YOUR OBJECTIVE:
Copy exactly and only the lines running from the one that contains "Brandweer redt hertje uit water bij Nijkerk" to the final line of the data below, without the pictures.

DATA UNDER STUDY:
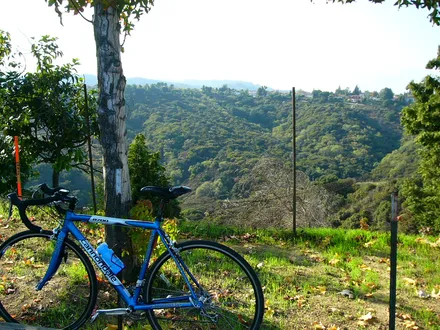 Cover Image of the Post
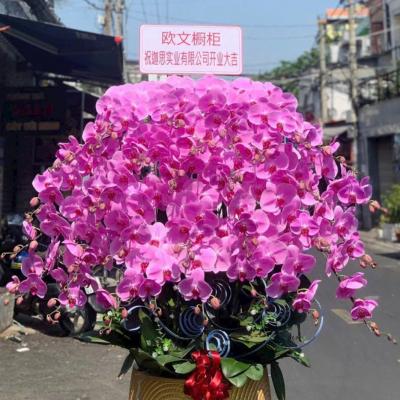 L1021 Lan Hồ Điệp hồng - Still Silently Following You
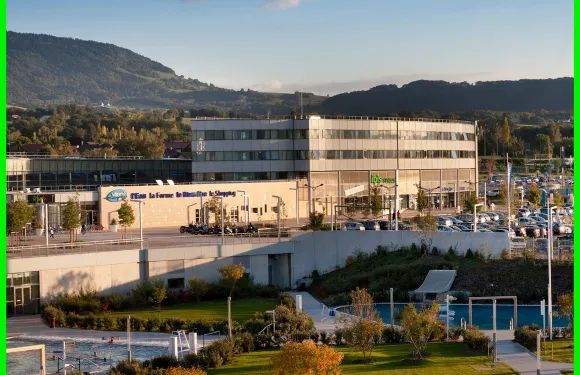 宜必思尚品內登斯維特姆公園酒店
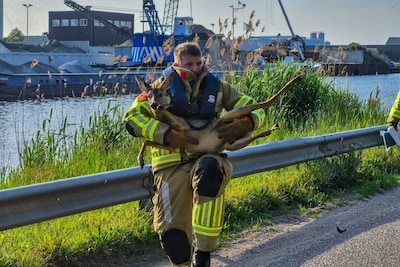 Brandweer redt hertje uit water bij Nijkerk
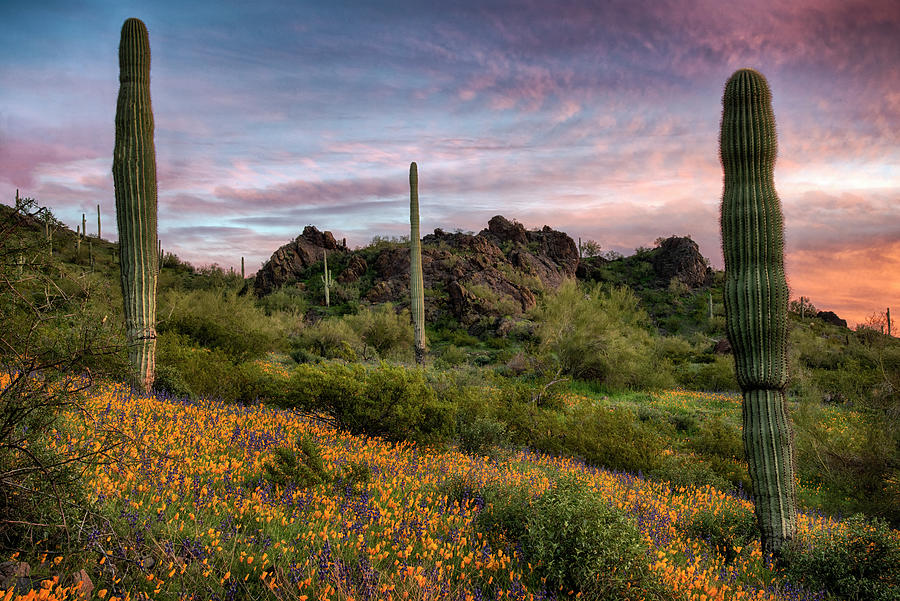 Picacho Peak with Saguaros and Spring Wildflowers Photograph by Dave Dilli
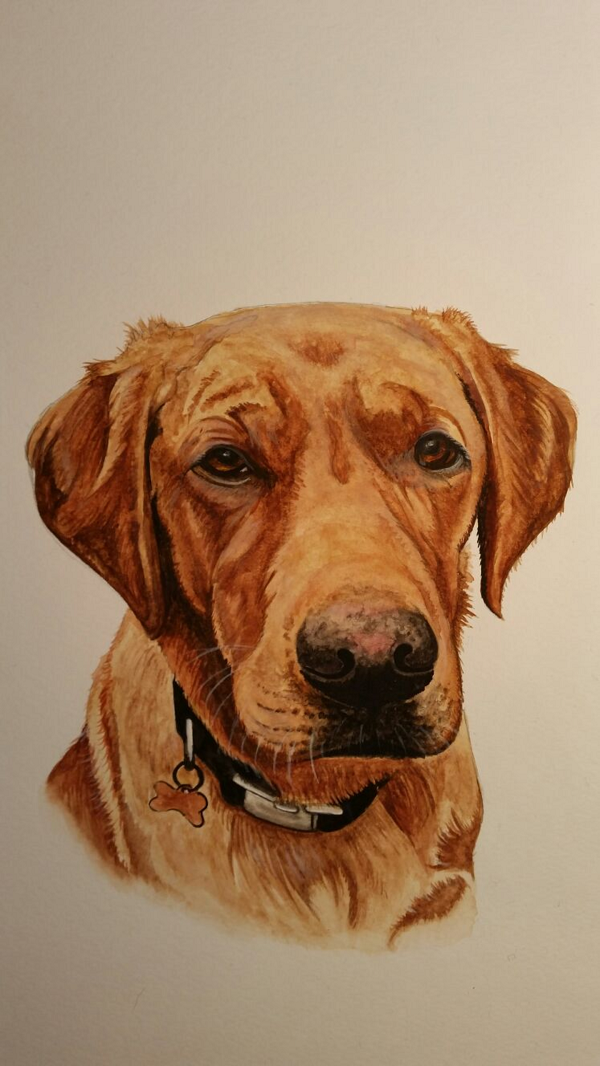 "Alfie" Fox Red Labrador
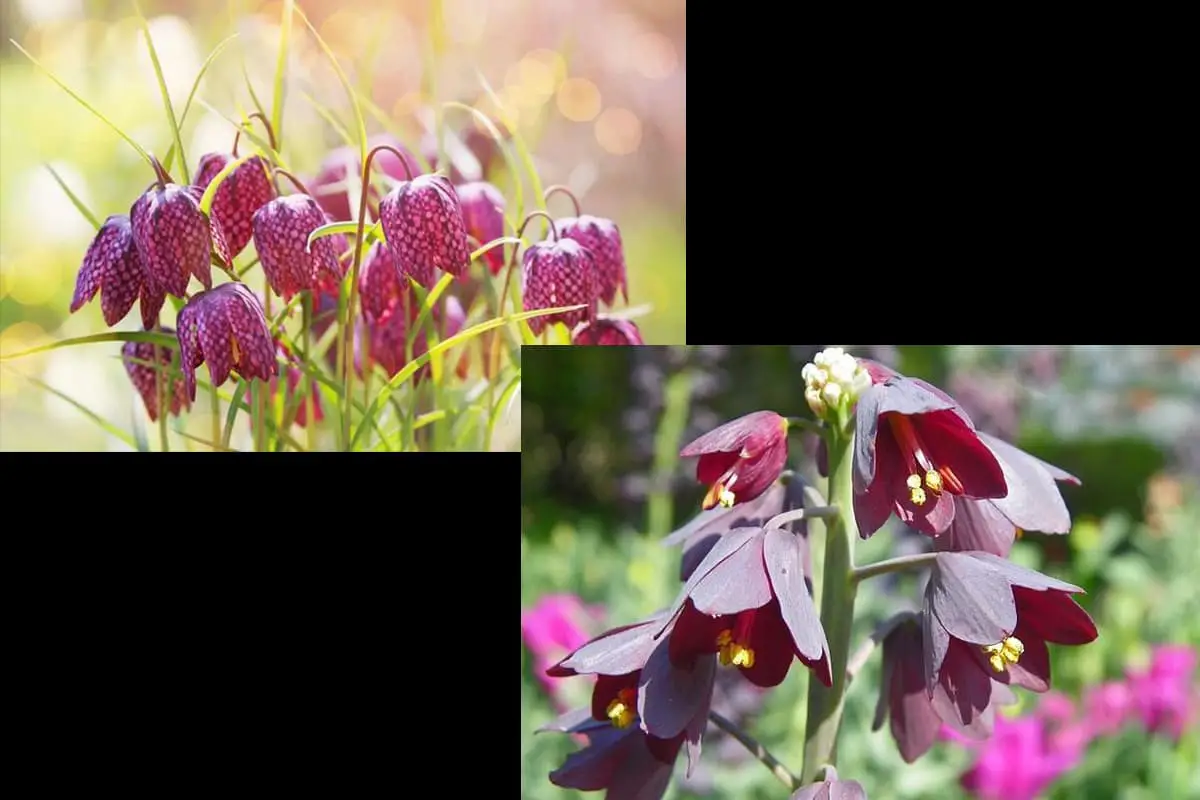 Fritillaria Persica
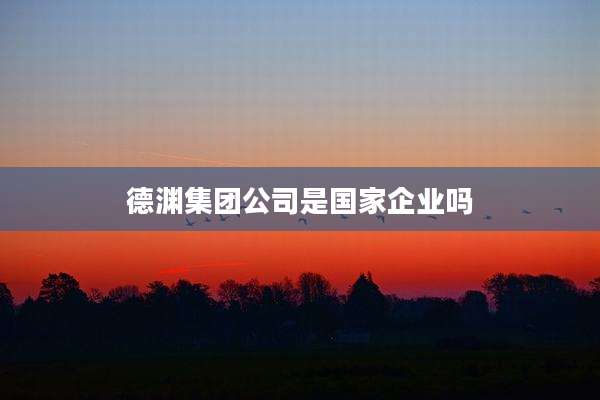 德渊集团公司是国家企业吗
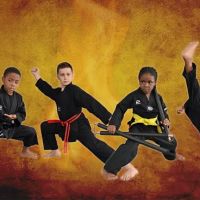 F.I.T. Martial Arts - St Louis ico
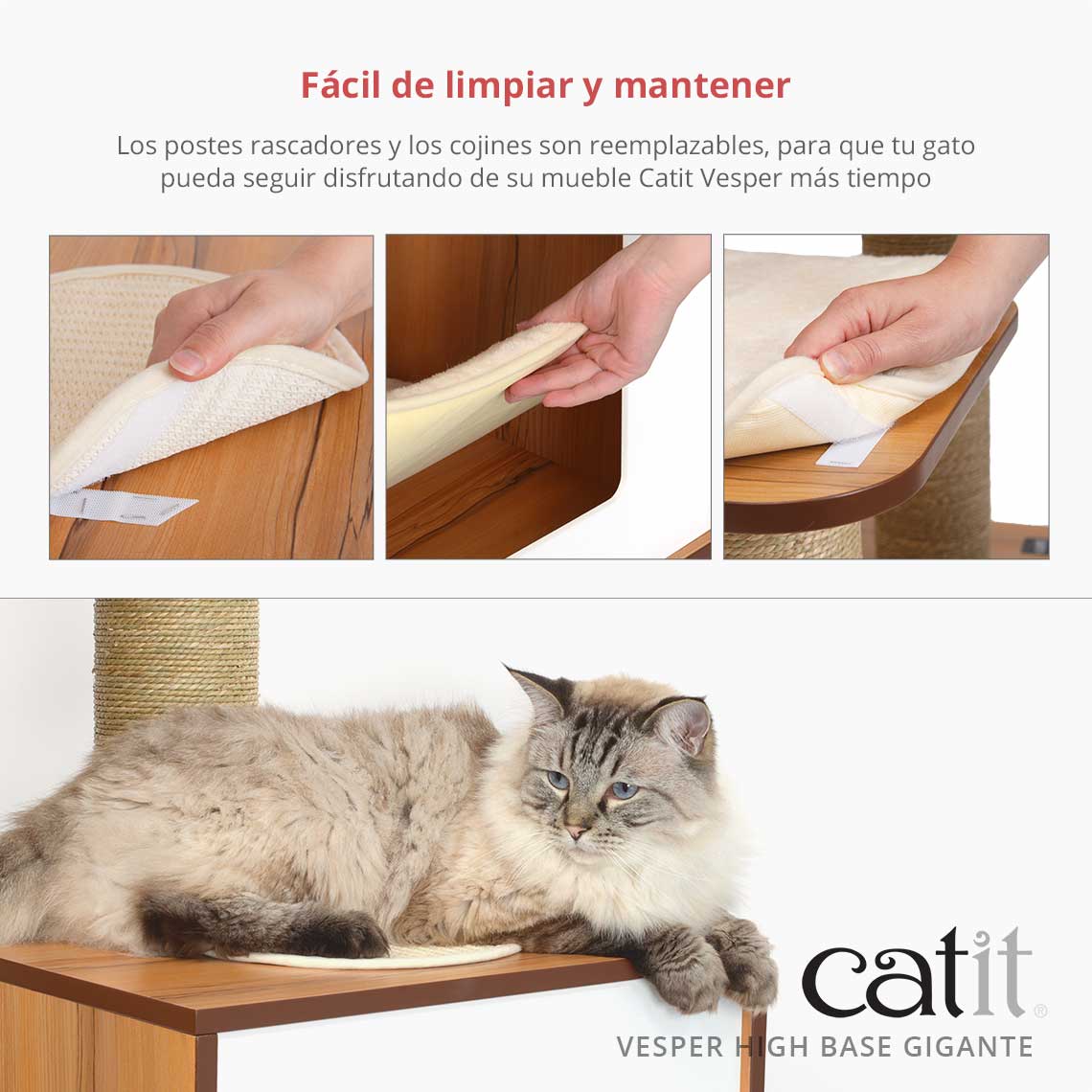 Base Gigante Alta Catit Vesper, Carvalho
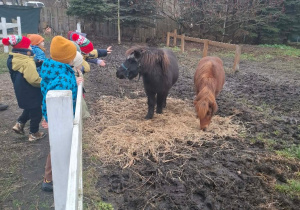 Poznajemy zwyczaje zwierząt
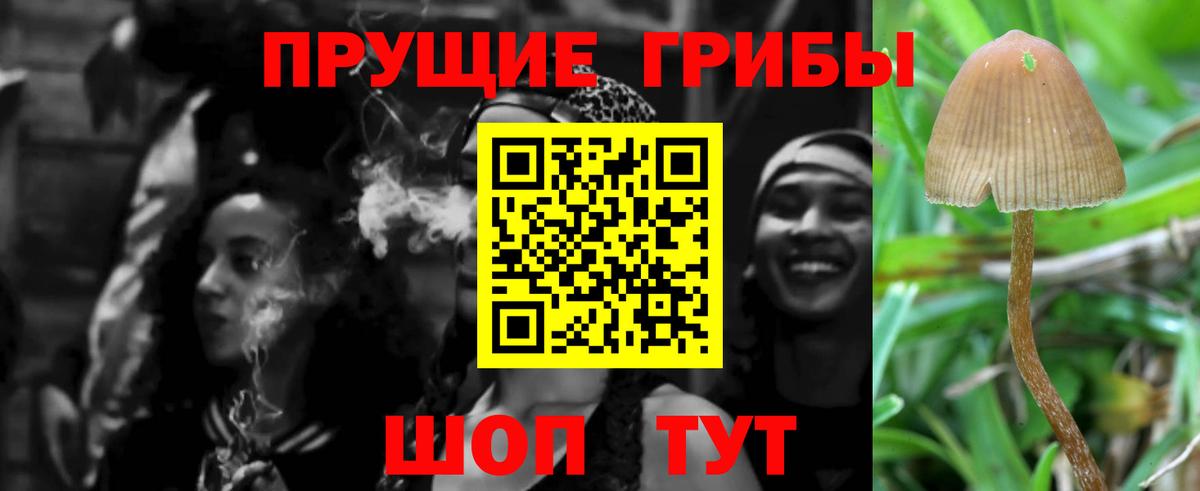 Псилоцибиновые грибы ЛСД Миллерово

RESULT BELOW:
 Brandweer redt hertje uit water bij Nijkerk
 Picacho Peak with Saguaros and Spring Wildflowers Photograph by Dave Dilli
 "Alfie" Fox Red Labrador
 Fritillaria Persica
 德渊集团公司是国家企业吗
 F.I.T. Martial Arts - St Louis ico
 Base Gigante Alta Catit Vesper, Carvalho
 Poznajemy zwyczaje zwierząt
 Псилоцибиновые грибы ЛСД Миллерово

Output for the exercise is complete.